Ok, I don’t even know how to start. This is a freaking rollercoaster of emotions. I’ve been sitting in front of my computer with a blank page for almost 10 minutes trying to figure out the perfect way to pour all my feelings about this book without rambling but I guess that’ll pretty difficult.

(I promise I'll try to make this spoiler free and If I make spoiler I'll hide them)

This book pulls very specific strings of my heart. I have a soft spot for kids/teenagers especially those who are homeless. It wasn’t an easy read at all; it was overwhelmingly depressing for me. I had a lump in my throat from the beginning until the end. It makes me so sad and so angry seeing that kids have to endure these conditions.

Romeo (aka “Remee”) and Julian are boys who hadn’t had an easy life, they are both young and homeless. Their condition makes my heart ache. The story is told by Romeo’s POV, and Suki does a great job engrossing you in Remee’s head and heart.

There isn’t a moment without angst or anxiety, every page will have you on the edge of your seat. At least that was the case for me.

I was constantly terrified of what was going to happen next. Trust me when I say these boys didn’t have a moment of peace. I couldn’t put it down until I was near to the end because OMG, ***SPOILER*** I was in the last chapter and they were far from having their HEA or HFN. Really, I was going CRAZY.***SPOILER***

They were living in hell and I really wanted them to be happy. I was in pure agony and I had to put it down until I knew I could continue without falling apart because man *breathes deeply*, this ain’t easy. Right now you have no idea how thankful I am for that epilog.

It’s not easy to read about the reality of what it’s like to live on the streets. The difficulties that both Remee and Julian had to go through to survived were strenuous. My heart bleeds for those boys.

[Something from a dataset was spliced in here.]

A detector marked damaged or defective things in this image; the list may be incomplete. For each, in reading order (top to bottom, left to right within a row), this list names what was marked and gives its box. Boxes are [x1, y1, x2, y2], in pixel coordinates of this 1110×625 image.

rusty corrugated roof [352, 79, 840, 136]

I don’t want to completely explain what this book holds and stands because I went through this completely blind and I think that improved my experience with it. So, I’ll go directly to my rating.

Ok, even though I really like this book, I can’t find myself giving it 5 stars for the following reasons:

**Bear in mind this is a personal preference.**

The writing. I found it a bit excessive. I realized that Suki tends to give too many details and it kinda pulls me out of the story a bit because it distracted me too much. And here’s the funny thing: she did this almost the whole book and I say “almost” because when you really needed those extra details she just won’t give it to you. Those in-depth description will disappear as if by magic. Specifically on the steamy moments.

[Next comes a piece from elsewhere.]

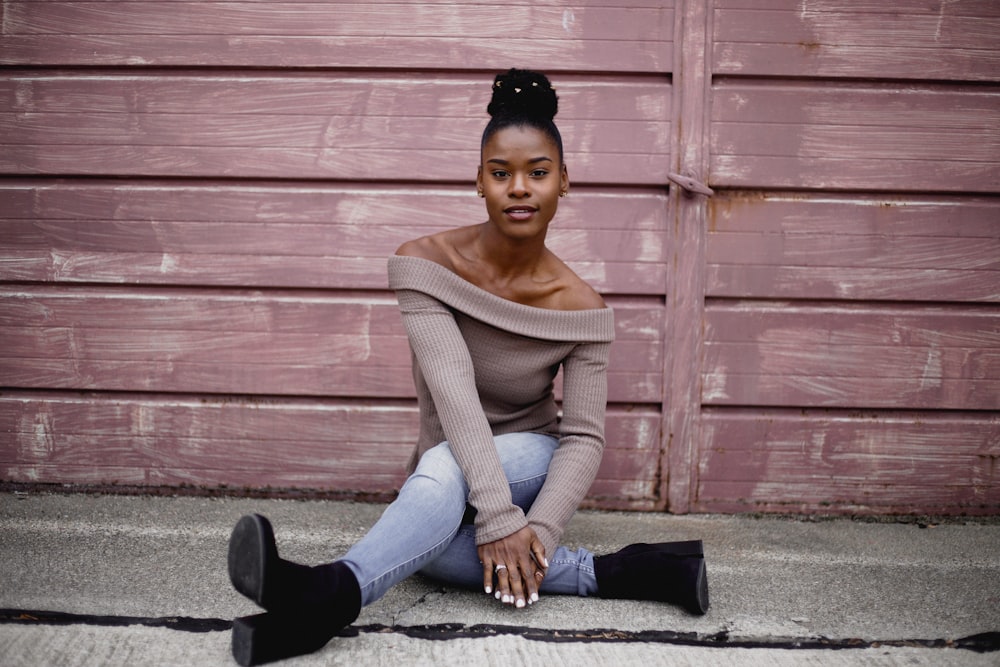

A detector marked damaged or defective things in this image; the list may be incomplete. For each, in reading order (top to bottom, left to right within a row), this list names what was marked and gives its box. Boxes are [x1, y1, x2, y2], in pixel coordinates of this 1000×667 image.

Speaking of details, Julian is one of those things that Suki purposely forgot to deeply develop. I needed to know more about him, I would’ve wanted to know more about his past. We only got glimpses of what happened to him. JUST GLIMPSES. And I can only guess the reasons he’s on the streets. Those glimpses weren’t enough. After I finished I realized that Jules is still a mystery to me.

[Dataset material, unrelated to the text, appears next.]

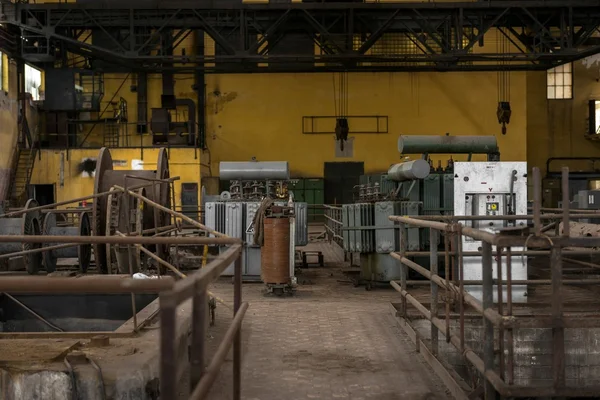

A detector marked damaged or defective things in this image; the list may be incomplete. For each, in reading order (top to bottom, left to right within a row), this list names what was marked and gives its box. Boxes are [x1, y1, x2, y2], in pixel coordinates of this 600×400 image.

rusty metal railing [392, 165, 600, 396]
rusted metal post [159, 292, 178, 400]
rusted metal post [191, 286, 207, 392]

I’d have loved to have Jules POV. It might’ve added even more angst to the story because we can tell that he was undoubtedly in pain. Those who have read may say to me: “pff, Daniela, no please, there’s lots of suffering as it is right now, don’t ask for more.” And yeah, you’re right. The story is outstanding just the way it is, but asking for more makes no harm :). (Well, yeah it may destroy our hearts a bit more, but whatever, at this point it doesn’t matter anymore)


***SPOILER*** Another thing that’ll like to know more about is Remee’s dad. To some, that may be insignificant but I want to know who the heck is he? All this freaking time did he know he had a son? What took him so long to go to find him? How did he know Remee was in London? *pulling my hair* I don’t know, there are many gaps and some plot holes that I’d liked to have them fill in.***SPOILER***

Overall, it’s a good book. There’s a lot of unfairness, tension and unpredictable moments that’ll leave on the edge. More than once I thought “What the hell did I get myself into?” but I don’t regret reading this book, not even for a second. I’ll give it a solid 4 starts albeit is sad and difficult to read is beautiful and touching.

Don’t be fooled by the title. This is not a TYPICAL love story, but it definitely is a love story.

I recommend this to anyone who has a heart that can handle the story. Let the journey of angst and tears begin y’all.